Afghanistan merupakan negeri kaum muslim yang seharusnya negeri tersebut bisa merasakan keamanan, damai dan tentram. Namun apa yang terjadi saat ini? Negeri tersebut jauh dari kata damai semenjak terjadi konflik antara Amerika dan Taliban sekitar 20 tahun lamanya. Konflik di Afghanistan ini telah menewaskan puluhan ribu orang dan memaksa jutaan orang menjadi pengungsi. 

Awal mula Afghanistan perang bisa ditengok kembali pada 2001, ketika AS menanggapi tragedi 9/11 di New York dan Washington, di mana hampir 3.000 orang tewas. Para petinggi "Negeri Paman Sam" mengidentifikasi Al Qaeda dan pemimpinnya, Osama bin Laden, sebagai dalang serangan tersebut. Bin Laden saat itu berada di Afghanistan dalam perlindungan Taliban yang berkuasa sejak 1996. Taliban menolak menyerahkannya, lalu invasi Amerika ke Afghanistan 2003 terjadi yang dengan cepat menyingkirkan kelompok milisi tersebut. (https://internasional.kompas.com/,10/08/2021). 

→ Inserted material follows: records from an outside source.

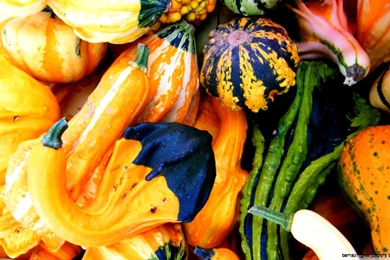 Fall Leaves And Pumpkin Wallpapers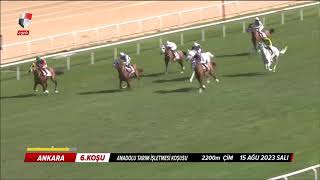 Grup 2 - Anadolu Tarım İşletmesi Koşusu Galibi Aypars Oldu 15082023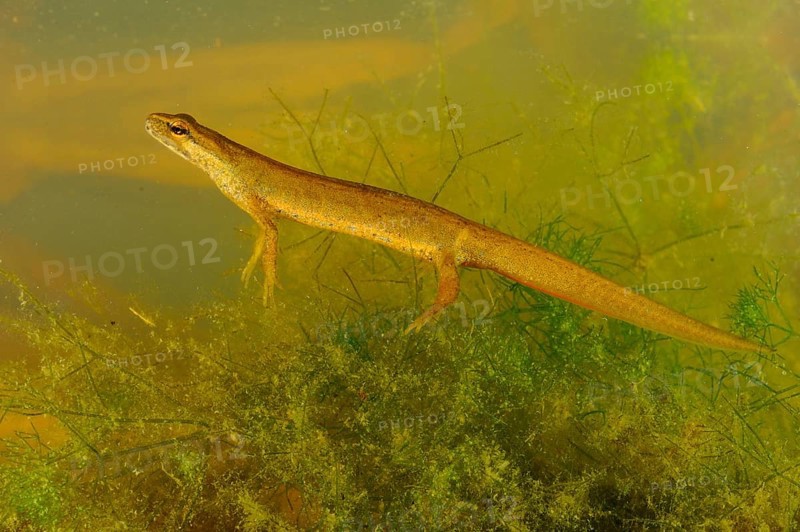 Smooth Newt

Hampir dua dekade lamanya militer Amerika Serikat bercokol di Afghanistan. Ribuan tentara AS dikerahkan membantu dan melatih pasukan bersenjata Afghanistan melawan gempuran pemberontak, terutama Taliban. Selama hampir dua dekade pula AS meyakinkan publik bahwa kehadirannya di Afganistan berhasil mengasah kemampuan bertarung dan strategi angkatan bersenjata negara itu menjadi lebih baik. Tak tanggung, AS dibantu Pakta Pertahanan Atlantik Utara (NATO) telah menghabiskan miliaran dolar demi melatih dan memasok senjata untuk militer dan kepolisian Afghanistan. (https://www.cnnindonesia.com/,13/08/2021). 
Perjalanan panjang perang di Afghanistan, saat ini memberikan potongan kisah baru setelah AS serius untuk menarik mundur pasukannya di Afghanistan. Penguasaan wilayah Afghanistan oleh Taliban kembali terjadi. 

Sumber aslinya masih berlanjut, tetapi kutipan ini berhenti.